The lncRNA SNHG6 is upregulated in GC tissues and cell lines, which is accompanied by deep invasion and metastasis to lymph nodes and distant tissues. Its inactivation alleviates the malignant process and decelerates the EMT. It was shown that SNHG6 may epigenetically inactivate P27 through EZH2-dependent histone H3 methylation (H3K27me3) in the promoter of the P27. SNHG6 promotes the EMT by acting as a ceRNA, or a molecular sponge for miR-101-3p, thereby upregulating ZEB1 at the post-transcriptional level and enhancing cancer cell migration [64]. In addition, SNHG6 inactivation was observed not only to decrease the EZH2 expression level, but also to activate the JNK (c-JUN N-terminal kinase) pathway and to upregulate P21 [127].

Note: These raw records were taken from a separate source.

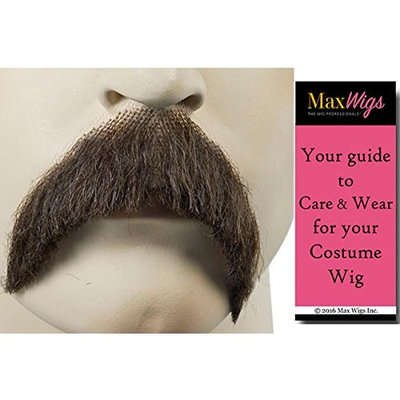 Walrus Mustache Color BROWN - Lacey Wigs Synthetic Roosevelt Stalin Cowboy Lace Backed Hand Made Facial Bundle with MaxWigs Costume Wig Care Guide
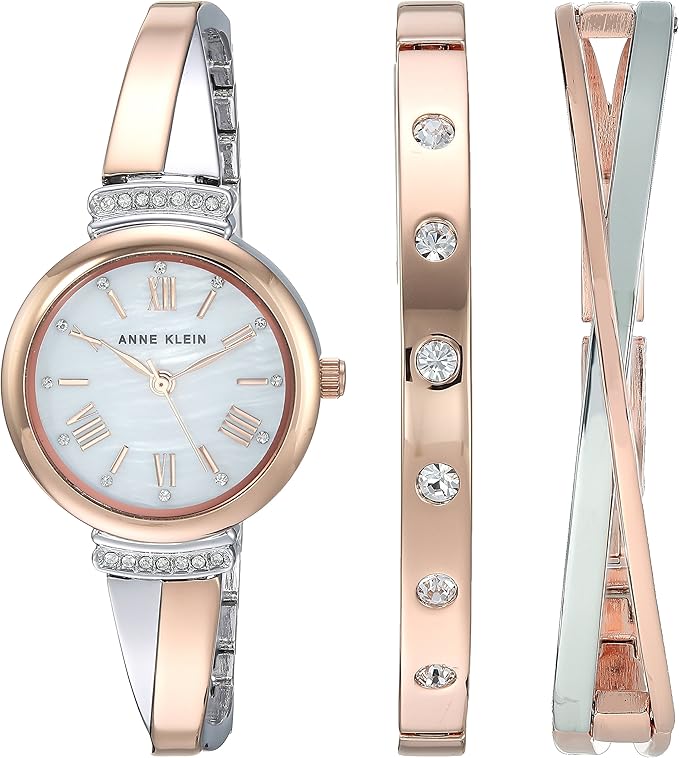 Anne Klein Women's Premium Crystal Accented Bangle Watch Set, AK/2245 image 1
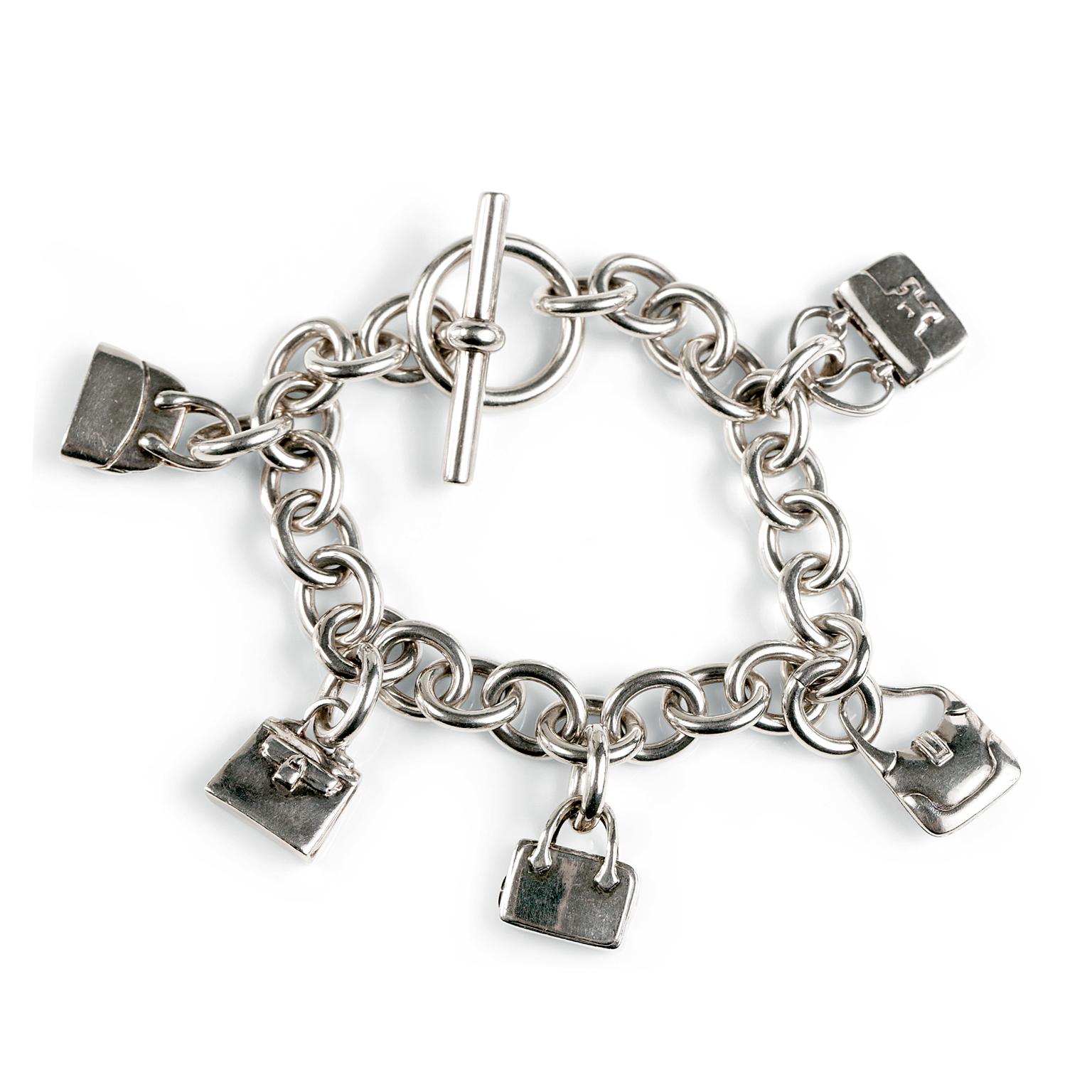 Hermès Sterling Silver Charm Bracelet 1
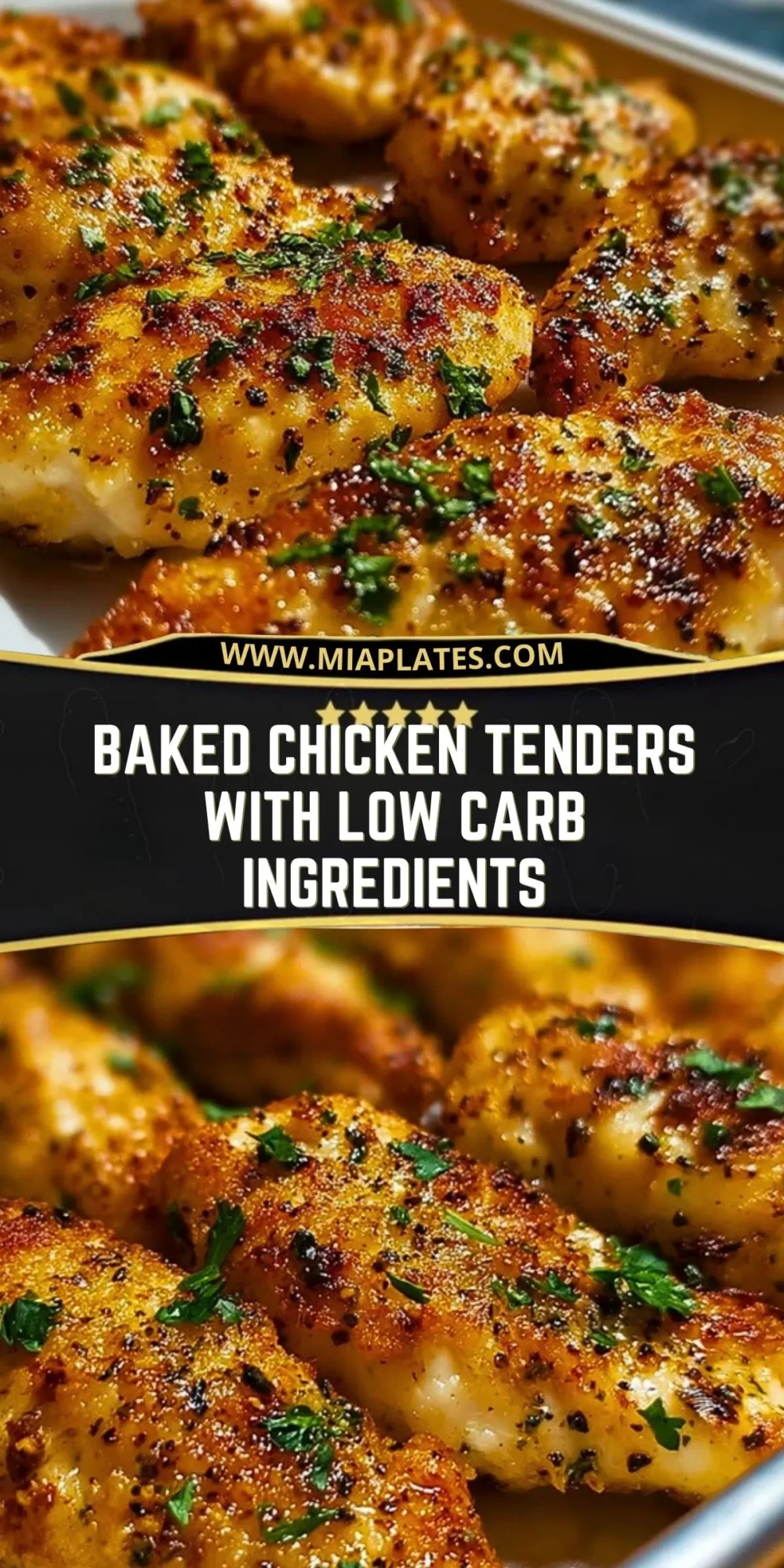 Baked Chicken Tenders with Low Carb Ingredients Pin 1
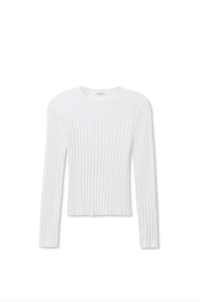 perfectwhitetee Top Rowe Poorboy Rib Long Sleeve Crew, White Soho-Boutique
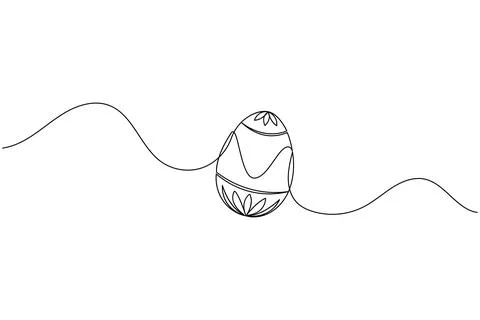Simple easter eggs illustration in one continuous line art style isolated o.. Stock Illustration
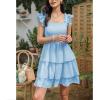 imageByinns Womens Square Neck Sleeveless Ruffle Dress High Waist Backless Tiered Smocked Strappy Casual Short Mini DressesLight Blue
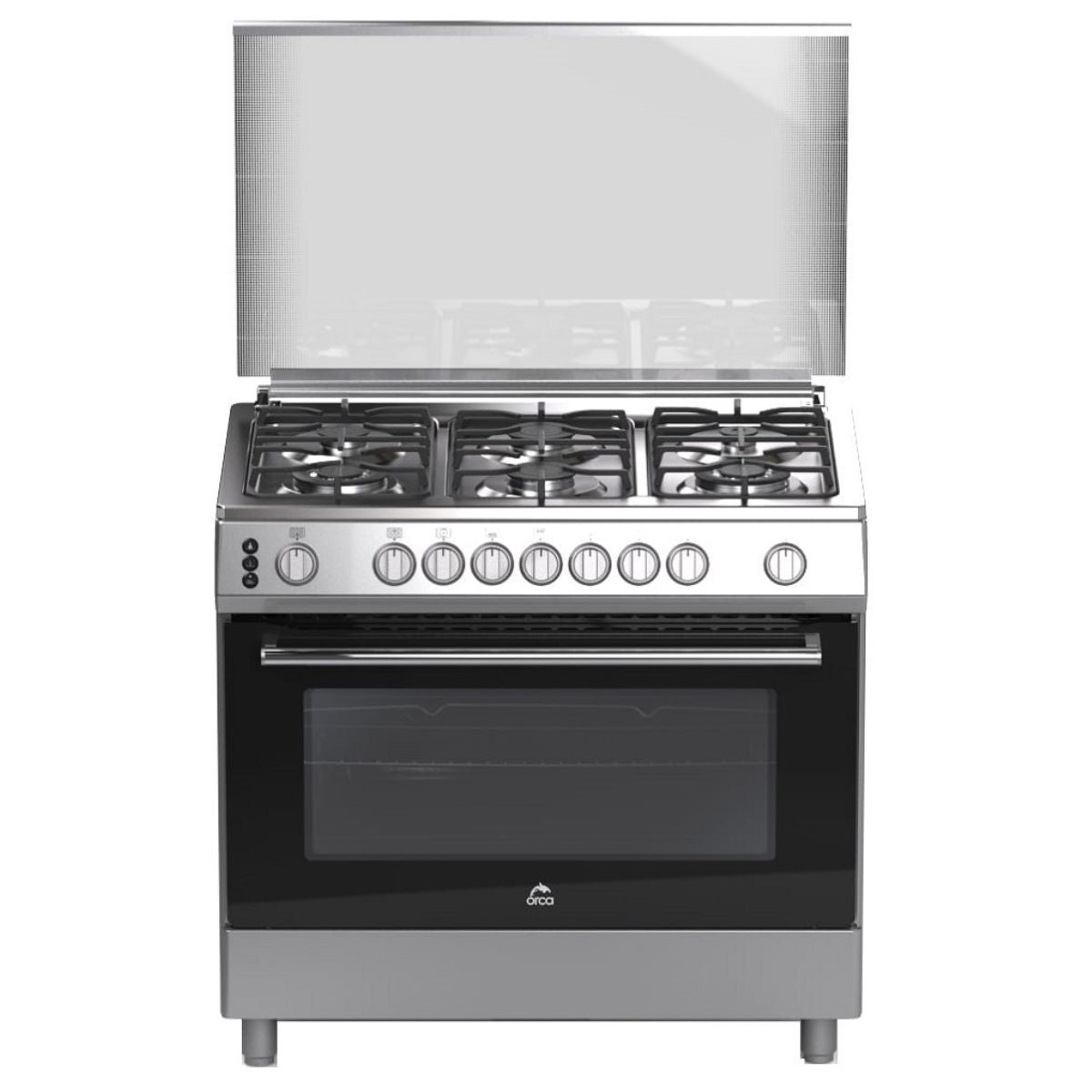 Orca Gas Cooker 6 Burners, 90 x 60 cm, Inox - OR-9060ODFS6B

7.2. Tumour Suppressor ncRNAs in Gastric Cancer

The lncRNAs that are capable of inhibiting GC progression are classified as tumor suppressor lncRNAs. For example, the lncRNA AF147447 inhibits proliferation and invasion of GC cells, directly binding to the promoter region of MUC2, which possesses oncogenic properties. In addition, AF147447 may regulate the expression of miR-34c, which targets MUC2, EGFR, and CD44. Upregulation of AF147447 induces miR-34c and substantially represses MUC2 and EGFR. Thus, AF147447 can post-transcriptionally alter MUC2 expression by binding with miR-34 [128].
Zhao et al. observed that lncRNA SNHG5 expression is substantially decreased in GC cells and tissues, while MTA2 (metastasis-associated protein 2) expression is increased. MTA2 possesses oncogenic properties. It is a component of the NuRD complex, which regulates nucleosome remodeling and histone deacetylation and plays a role in the transcriptional regulation of various signaling pathway components, including E-cadherin, P21, Ki-67, and KAI-1, which are involved in regulating cell growth and metastasis. Inactivation of MTA2 expression restores E-cadherin expression in GC cells with a SNHG5 knockdown. High-level SNHG5 expression may provide a cytoplasmic trap for MTA2 because SNHG5 can directly bind MTA2 to prevent its transfer from the cytoplasm into the nucleus, thus inhibiting the MTA2 functions in GC cell growth and metastasis [129].
The lncRNA Linc00261 almost lacks expression in GC cells and correlates with deep invasion, metastasis, and poor prognosis. This is accompanied by low-level expression of E-cadherin and high-level expression of N-cadherin, FN1, and vimentin, corresponding to the EMT in GC cells. SLUG is one of the key EMT mediators, and its expression is associated with a decrease in E-cadherin and an aggressive GC phenotype. Linc00261 is capable of binding with SLUG to impair its stability and facilitates its degradation by increasing the interaction of SLUG with GSK3b [130].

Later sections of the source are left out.